Please output only the lines running from the one that contains "2er Set kleine" through the last line of the data below, exactly as they stand, with no pictures.

-------- RECORDS TO PROCESS --------

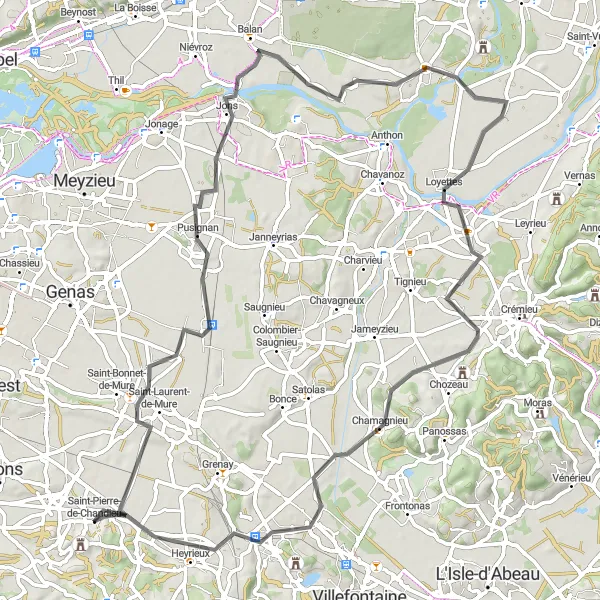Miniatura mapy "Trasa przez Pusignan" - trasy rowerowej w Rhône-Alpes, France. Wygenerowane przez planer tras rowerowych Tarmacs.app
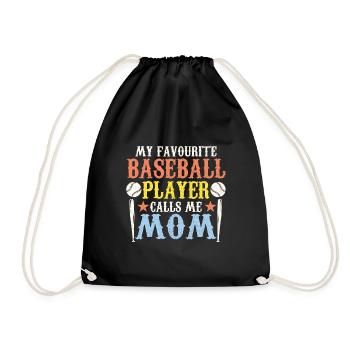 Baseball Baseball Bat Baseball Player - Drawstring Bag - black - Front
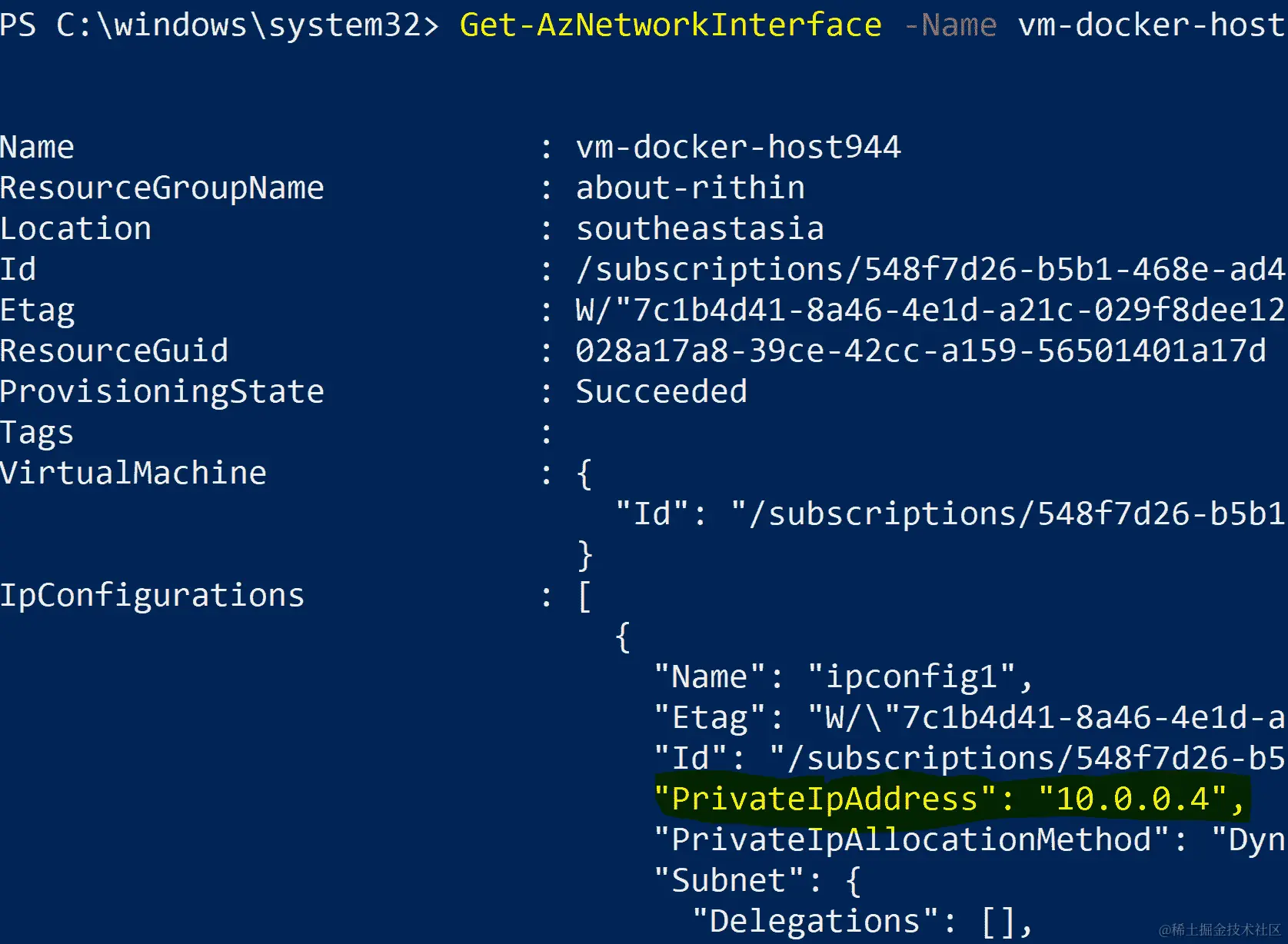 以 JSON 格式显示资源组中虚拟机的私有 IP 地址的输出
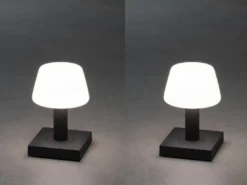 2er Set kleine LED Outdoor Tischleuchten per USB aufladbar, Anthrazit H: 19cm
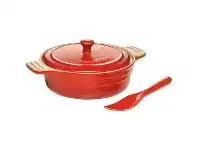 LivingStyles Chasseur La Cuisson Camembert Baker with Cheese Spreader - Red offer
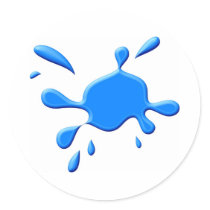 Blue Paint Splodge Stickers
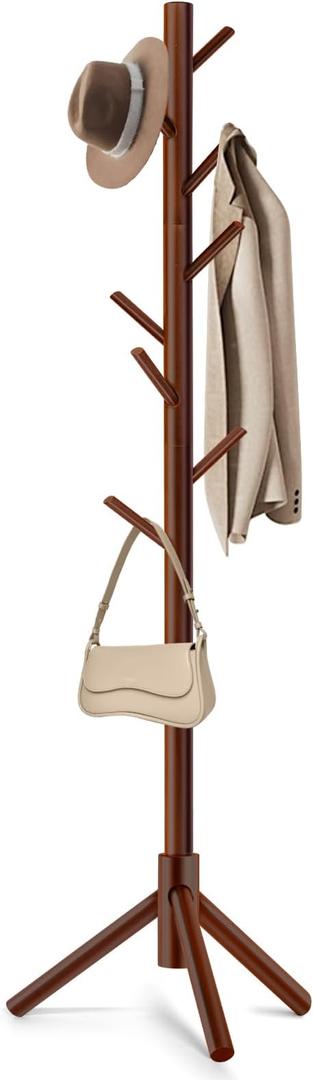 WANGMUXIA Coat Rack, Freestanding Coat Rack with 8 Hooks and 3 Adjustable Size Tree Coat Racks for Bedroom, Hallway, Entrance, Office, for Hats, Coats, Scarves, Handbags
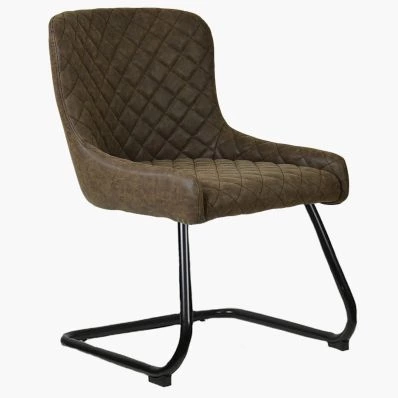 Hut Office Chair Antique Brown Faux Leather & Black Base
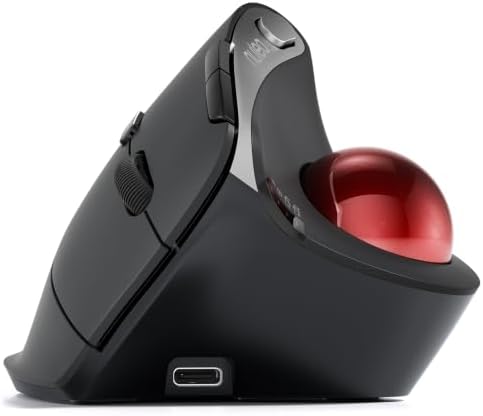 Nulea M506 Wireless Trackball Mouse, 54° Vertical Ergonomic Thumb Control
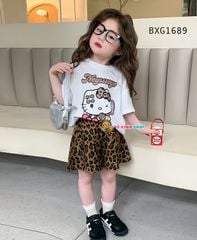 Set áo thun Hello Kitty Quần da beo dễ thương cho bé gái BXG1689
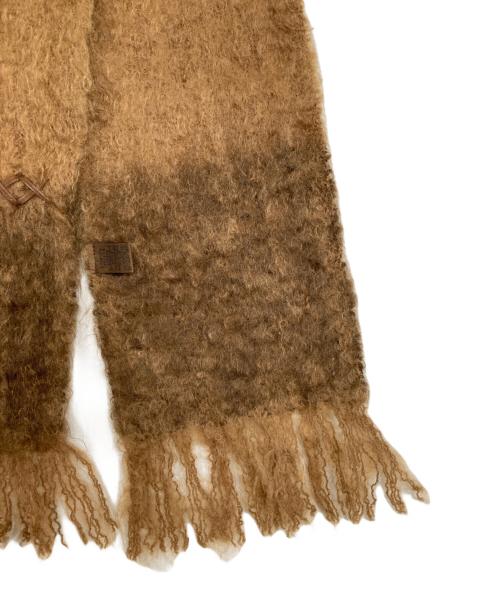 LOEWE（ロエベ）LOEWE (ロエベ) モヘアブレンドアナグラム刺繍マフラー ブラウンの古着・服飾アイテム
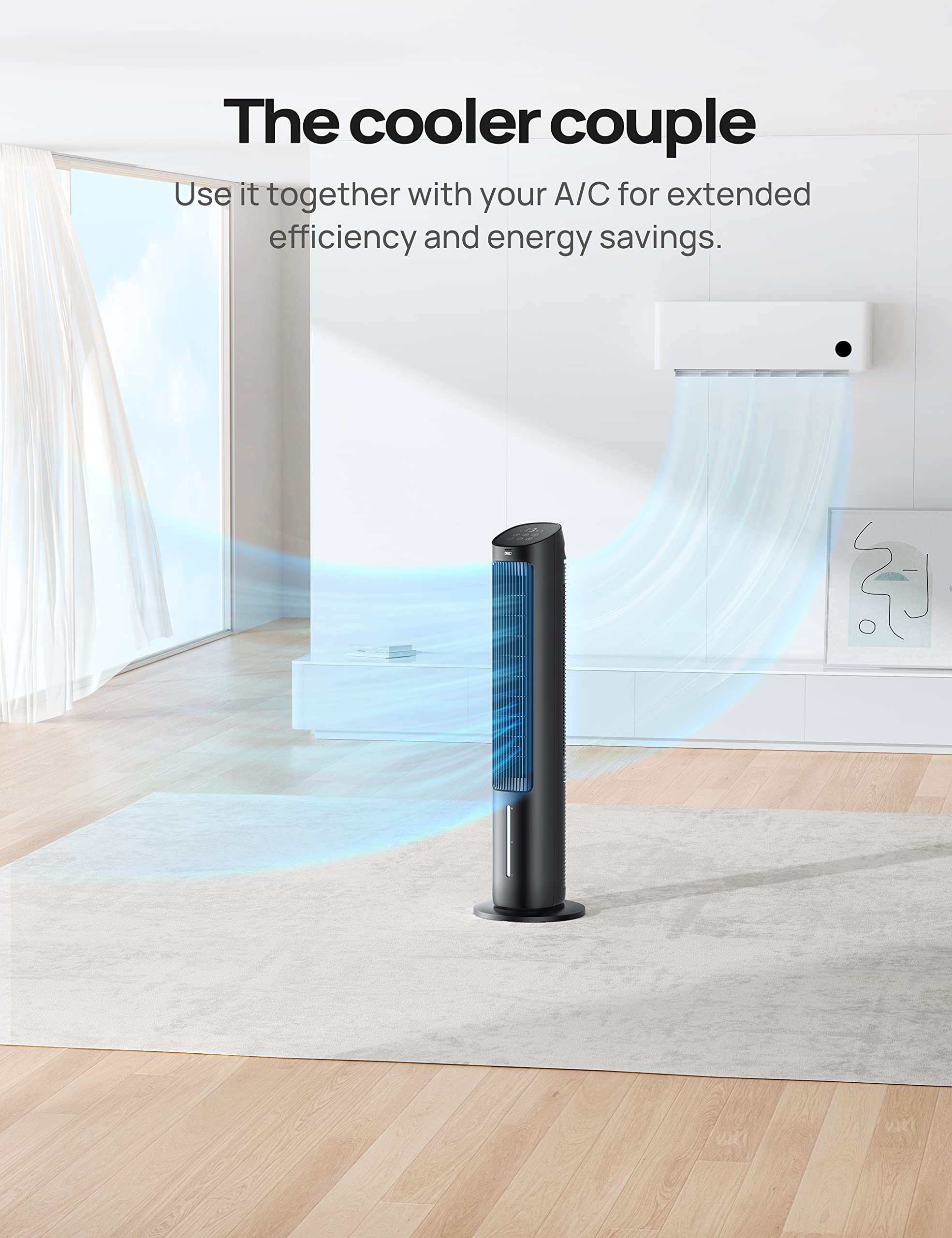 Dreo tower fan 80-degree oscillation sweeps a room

--------

REPLY TO THE TASK:
 2er Set kleine LED Outdoor Tischleuchten per USB aufladbar, Anthrazit H: 19cm
 LivingStyles Chasseur La Cuisson Camembert Baker with Cheese Spreader - Red offer
 Blue Paint Splodge Stickers
 WANGMUXIA Coat Rack, Freestanding Coat Rack with 8 Hooks and 3 Adjustable Size Tree Coat Racks for Bedroom, Hallway, Entrance, Office, for Hats, Coats, Scarves, Handbags
 Hut Office Chair Antique Brown Faux Leather & Black Base
 Nulea M506 Wireless Trackball Mouse, 54° Vertical Ergonomic Thumb Control
 Set áo thun Hello Kitty Quần da beo dễ thương cho bé gái BXG1689
 LOEWE（ロエベ）LOEWE (ロエベ) モヘアブレンドアナグラム刺繍マフラー ブラウンの古着・服飾アイテム
 Dreo tower fan 80-degree oscillation sweeps a room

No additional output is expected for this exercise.